Prompt
Among the entries that follow, locate the line with "Los hospitales permanecerán" and the line with "Hyundai Tucson 2016". Output those lines and all lines in between, exactly, minus the pictures.

Data under study
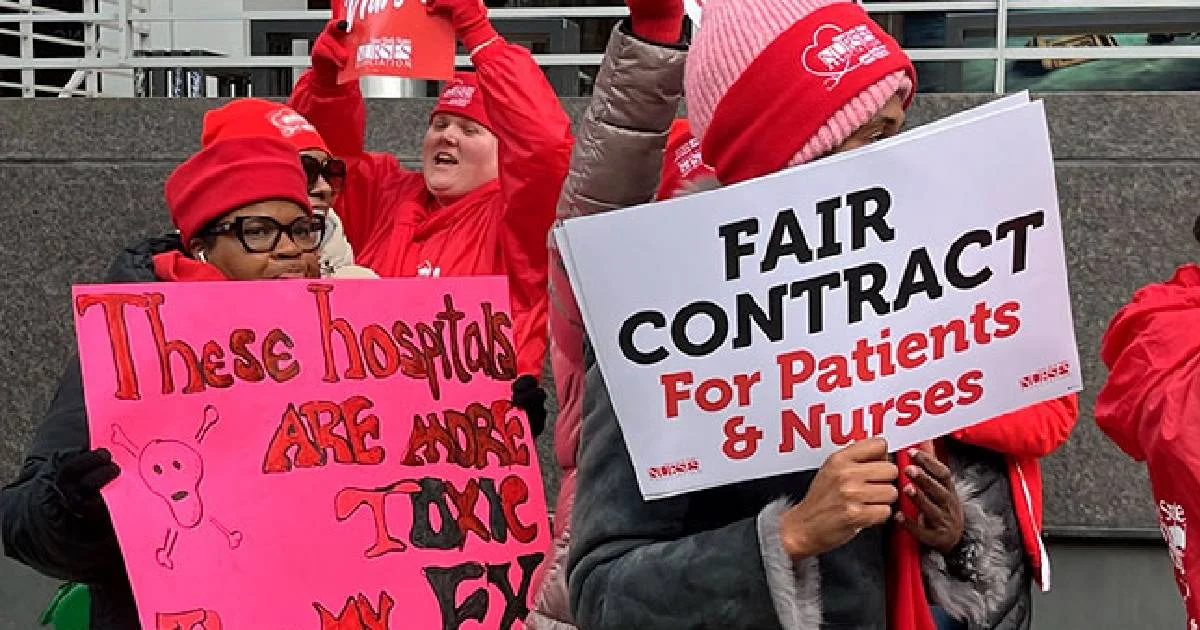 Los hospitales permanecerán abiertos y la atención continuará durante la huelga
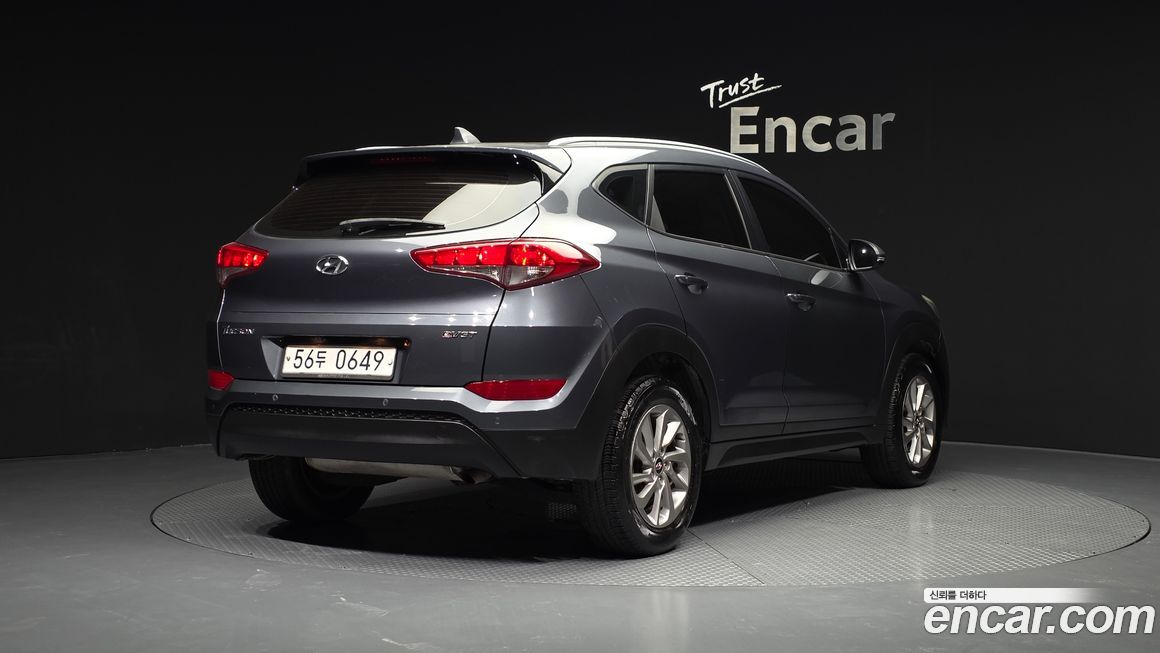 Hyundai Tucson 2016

---

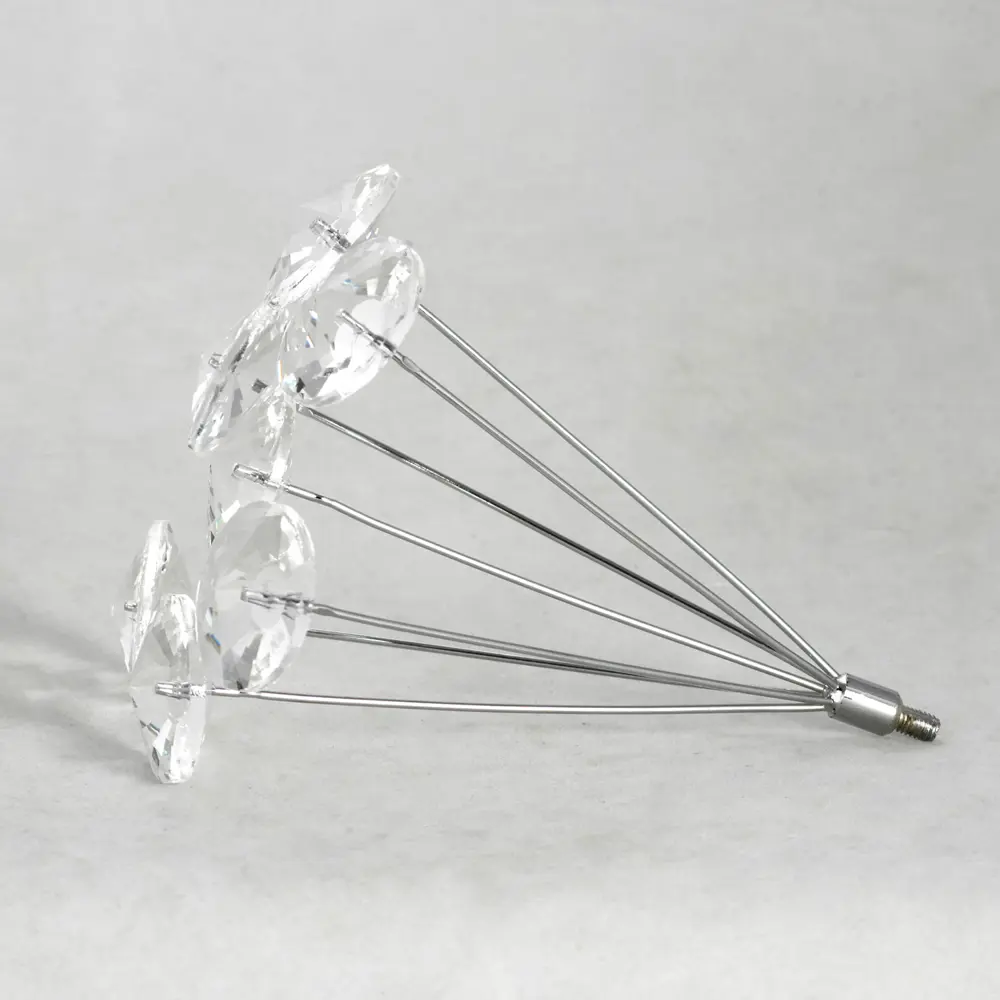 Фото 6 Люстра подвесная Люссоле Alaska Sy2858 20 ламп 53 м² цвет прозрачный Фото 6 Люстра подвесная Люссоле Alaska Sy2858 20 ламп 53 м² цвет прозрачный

Response below
 Los hospitales permanecerán abiertos y la atención continuará durante la huelga
 Hyundai Tucson 2016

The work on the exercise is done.